24日午後11時すぎ、「イスラム国」とみられる組織に拘束されていた湯川遥菜さんが殺害された
とされる写真を持った後藤健二さんの画像が、インターネット上に投稿されました。
画像には、後藤さんを名乗る男性の音声が付いていて、「イスラム国」は後藤さんの解放の条件として、
ヨルダンで収監されているイラク人のサジダ・リシャウィ死刑囚の釈放を求めているとしています。
これについて、ヨルダン政府のムハンマド・アルモーマニ報道官は、25日、NHKの取材に対し、
「この事件についてはコメントできない。
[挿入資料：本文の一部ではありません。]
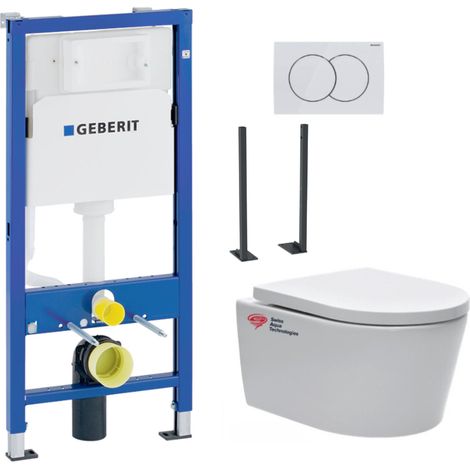 Pack WC bâti-support Geberit + WC sans bride Swiss Aqua Technologies + abattant SoftClose + plaque blanche (SATrimlessGebATP-1) (1/5)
日本政府とは協力して対応している」と述べて、
今後の対応については明言を避けました。
リシャウィ死刑囚は、2005年にヨルダンの首都アンマンで50人以上が死亡した爆弾テロ事件の
実行グループの1人で、すでに死刑判決を受けています。
アンマンの市民の間では、テロに屈するべきではないという声が聞かれる一方で、先月、「イスラム国」に
ヨルダン軍のパイロットが拘束されていることから、パイロットも同時に解放されるのであればリシャウィ
死刑囚の釈放も容認できるという意見も聞かれました。
今後、ヨルダン政府は日本政府との間で対応を慎重に協議するものとみられます。
イスラム過激派組織「イスラム国」とみられる組織に拘束された湯川遥菜さんが殺害されたとする画像が
インターネット上に投稿されたことについて、「イスラム国」と対立するシリアの反体制派グループの
メンバーは、25日NHKの取材に対し、「湯川さんが殺害されたならば本当に残念なことだ。
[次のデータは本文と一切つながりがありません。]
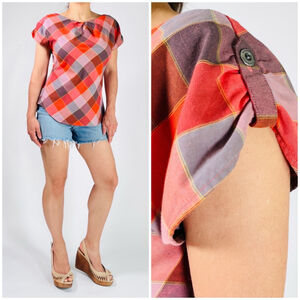 Patagonia Red Orange Plaid Checkered Fitted Pleated Top Shirt Organic Cotton 8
今回、イスラム国が行ったことはシリア人としても決して受け入れられるものではなく、許されない行為だ」
と述べて、「イスラム国」を非難しました。
そのうえで、「後藤さんの解放などについてイスラム国との交渉は引き続き継続中である」と述べ、
グループとしてもイスラム国との交渉を現在も続けていることを明らかにしました。
このグループは、2人が拘束されたことを受けて、これまでも解放に向けて情報収集に当たり、
日本政府に情報を提供していたということです。このメンバーは、現在の交渉や情報収集については詳しいことは
言えないとしたものの、湯川さんが死亡していた場合には遺体をトルコなどに運び出すことをイスラム国側と
交渉する用意があるとしています。
ヨルダン政府の高官や国連大使を歴任し、ヨルダンの情報機関での勤務経験もあるアドナン・アブオデハ氏は、
NHKの電話取材に対し「みずからも人質を取られているヨルダンが、日本の人質のためだけに死刑囚を
釈放するかどうかは疑問だ」と述べ、ヨルダン政府が後藤さんとリシャウィ死刑囚の交換に踏み切る
可能性は低いと指摘しました。
ただ、イスラム国に拘束されたヨルダン軍のパイロットと後藤さんの2人と、リシャウィ死刑囚ともう1人の
2対2の身柄の交換であれば日本とヨルダン、そしてイスラム国が折り合うことができる可能性があると話し、
「難しい交渉になるがやってみるだけの価値はあるだろう」と話しました。
中東など複数の在外公館や警察庁などで邦人保護や国際テロ対策に長年従事してきた、危機管理の専門家で、
ヨルダン情勢にも詳しい吉村郁也さんは、ヨルダンの情報機関について、イラクで日本人が巻き込まれた
さまざまな襲撃事件や拉致事件などで協力を得てきたと指摘したうえで、「ヨルダンは、その高い諜報能力を基に、
長年、中東地域の調停者としての役割を果たす一方、テロに対しては一貫して毅然(きぜん)とした姿勢を
貫いてきた信頼度の高い国だ」と評価しています。
ただ、爆弾テロ事件の実行犯の釈放という今回の「イスラム国」側からの要求については、「人質とテロリストを
交換することはテロリストを野に放つことになるため、将来引き起こすリスクや、国際的な世論を考えると
ありえないだろう。非常に厳しい状況ではあると思うが、日本政府には諦めずに粘り強く交渉を続けてほしい」
と話し、ヨルダン政府にとって容易な決定ではないと強調しています。